Following his secondary education at Şişli Terakki High School and Boğaziçi High School in Istanbul, he studied textile engineering at the University of Manchester in the United Kingdom. After graduating with a bachelor's degree in 1949, Sadık Eliyeşil returned home.

Between 1963 and 1974, Sadık Eliyeşil served on the board of Mersin İdmanyurdu SK.

He died on 16 June 2008 in Istanbul at the age of 82. Following a funeral service at the Veliefendi Race Course and a religious service at Levent Mosque, he was laid to rest in the family grave at Yeniköy Cemetery in Istanbul.

Sadık Eliyeşil was survived by wife Gülsüm, a son, Necmettin and two daughters, Şerife and Meliha, as well as six grandchildren.

One of his paternal granddaughters, Melissa Eliyeşil, born in 1984 in Istanbul to a Colombian Catholic mother, married into the Faber-Castell family.

==Horse racing==
Sadık Eliyeşil became interested in equestrian sport in 1943. After his return from the United Kingdom, he worked in the 1950s with his uncle, who owned a stable. In 1956, Sadık Eliyeşil entered Turkish Jockey Club (Türkiye Jokey Kulübü, TJK), the renowned equestrian club in the country. In later years, Sadık Eliyeşil served in the club's board of directors.
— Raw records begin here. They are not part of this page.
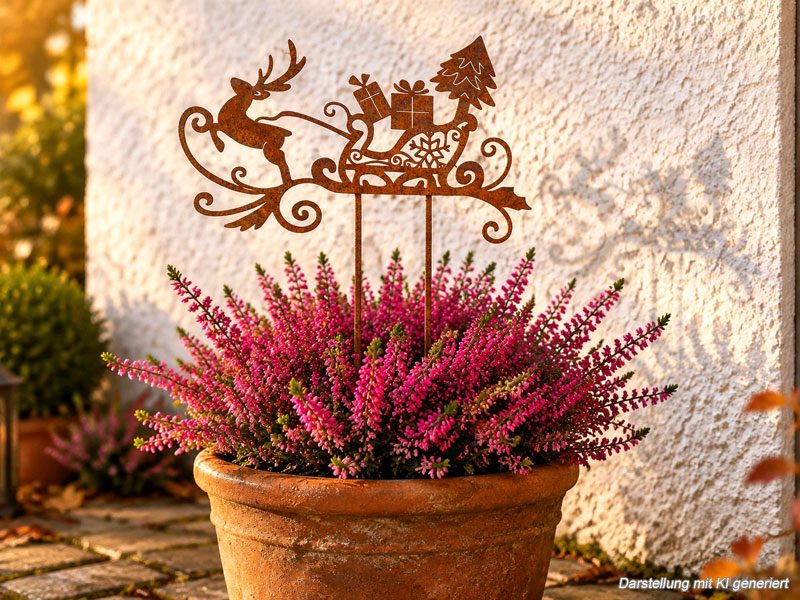 Edelrost "Rentier mit Schlitten" 27x18cm Weihnachtsdeko zum Stecken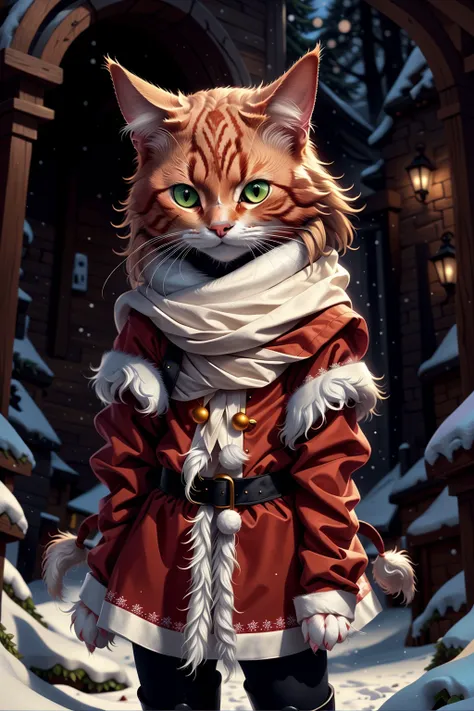 there is a cat that is dressed up in a santa outfit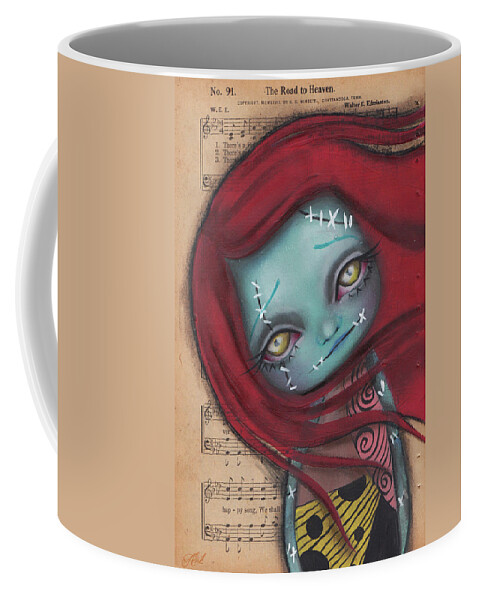 Nightmare Before Christmas Coffee Mug featuring the painting I sense there's something in the wind by Abril Andrade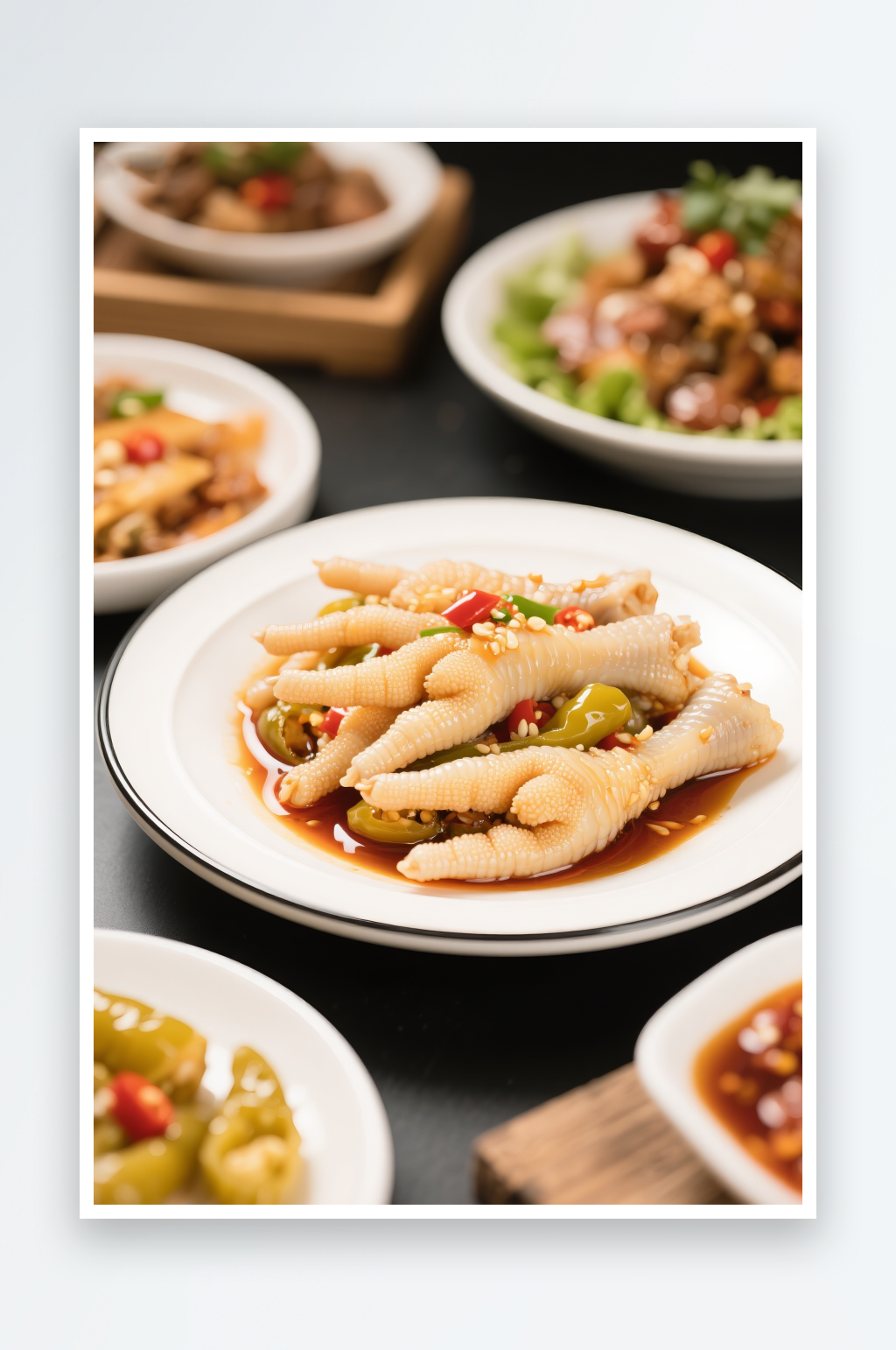 清爽柠檬凉拌菜泡椒凤爪无骨鸡爪美食摄影图素材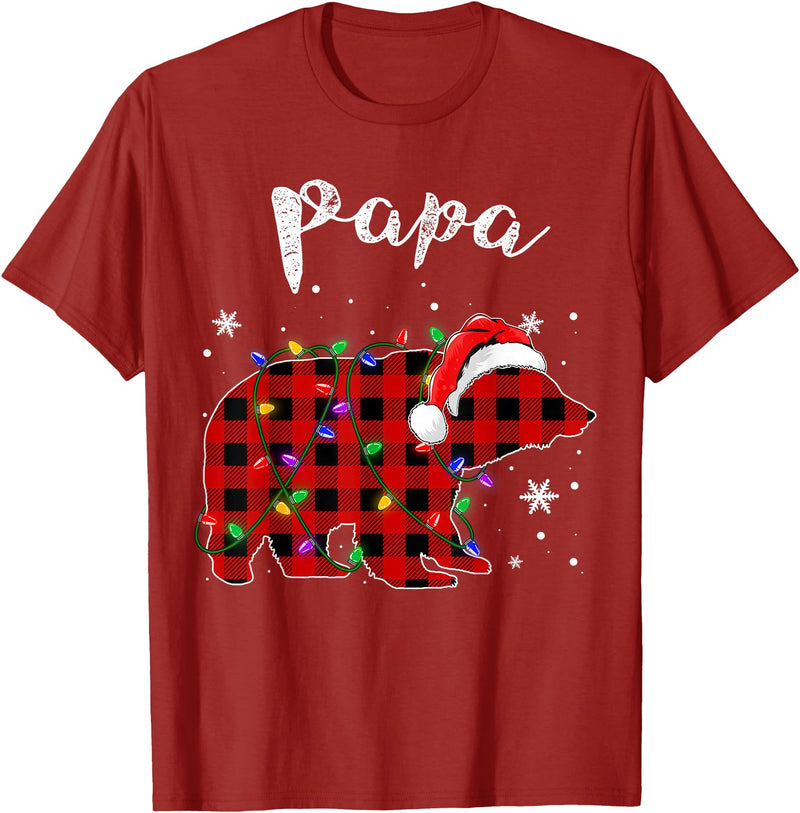 Red Plaid Papa Bear Buffalo Matching Family Pajama Christmas T-Shirt - Cranberry Red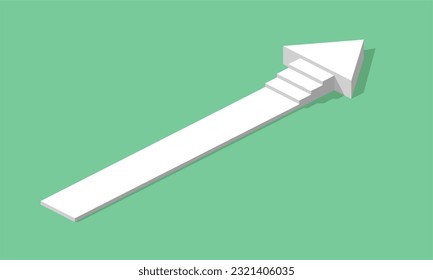 Stairs on white isometric arrow. Flat design.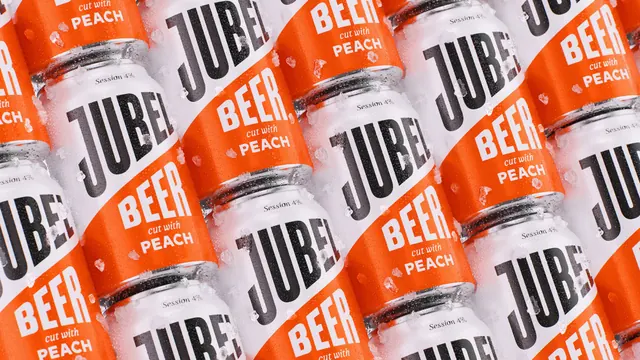 Jubel chilled cans packed in ice, photographic, geometric, vibrant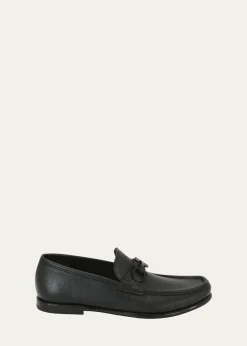 FerragamoMen's Crown Textured Leather Gancini Moccasin Loafers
In an interview, he stated that "His grandfather and uncle had stables, and he is continuing this tradition. He owns four and his wife six racehorses. The family owns two stables in Konya Ereğli and Çamtepe, Tarsus, in which 48 racehorses more are bred." He added that his favourite racehorse is "Karayel" (literally: Mistral), which won the Gazi Race in 1973. A great fan of equestrian sport, he admitted that he was not able to ride horse. He said "Horse breeding and horse riding are very different activities."

His racehorses won the most prestigious horse race Gazi Race (Gazi Koşusu) in Turkey 13 times between 1950 and 2005, setting a record which is hard to break.

In the following years of his death, a horse race is scheduled at the Veliefendi Race Course with a prize named after him.